On 2 August 2019, Ansar al-Tawhid coordinated with the Turkistan Islamic Party to fire an IRAM rocket with four 122mm rockets attached at government forces.

On 17 August 2019, after a rebel counter-attack to retake the recently lost town of Sukayk from pro-government forces, the group announced to have retaken positions outside the city alongside other rebel groups, after fighting Hezbollah.

On 31 August 2019, the American-led CJTF-OIR coalition carried out missile attacks in Idlib targeting a meeting between Ansar al-Tawhid and Hurras al-Din reportedly killing a total of 40 members from both groups. After the attack the Russian military condemned the strike saying that the attack was not coordinated with Russia or Turkey and violated the terms of a cease-fire in Idlib. The attack left 30 dead including civilians, among the casualties from the attack was a 12 year old child soldier as well as a 70 year old civilian farmer.
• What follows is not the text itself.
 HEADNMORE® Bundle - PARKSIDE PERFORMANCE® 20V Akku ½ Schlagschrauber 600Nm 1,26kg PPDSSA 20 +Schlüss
After the coalition's attack on Ansar al-Tawhid, HTS arrested the group's religious leader Abu Hakim al-Jazrawi, and analysts have speculated this could be part of an attempt on behalf of HTS to distance itself from foreign fighters and ultimately confront groups such as Ansar al-Tawhid.

On 17 March 2020, Sputnik news reported that a source in Idlib claimed that Ansar al-Tawhid as well as the Rouse the Believers Operations Room, which Ansar al-Tawhid was part of, along with Hay'at Tahrir al-Sham and the Turkistan Islamic Party in Syria reject a Russian-Turkish cease-fire deal in Idlib after months of clashes between November 2019 and March 2020, with the deal entailing joint Russian-Turkish military patrols, and that Ansar al-Tawhid along with the other groups were also preparing to attack Russian military personnel in Idlib and patrols.

On 3 May 2020, Ansar al-Tawhid released a statement, claiming to not be affiliated with any other groups, and hold no allegiance to any other group either secretly or publicly, and also denied being part of any alliance or operations room, while also acknowledging previously being part of such entities, and also claimed they would continue to cooperate with unnamed factions when needed. It also ended its alliance with Hurras al-Din after Ansar al-Tawhid accused it of breaking the terms of their alliance.

In early December 2024, the group was active in the 2024 Syrian opposition offensives.

On 23 December 2024, members of Ansar al-Tawhid were allegedly involved in burning a Christmas tree in Suqaylabiyah, a Christian-majority town in Hama province captured by the rebels. The incident sparked protests across Syria and led to the detention of the perpetrators by Hay'at Tahrir al-Sham.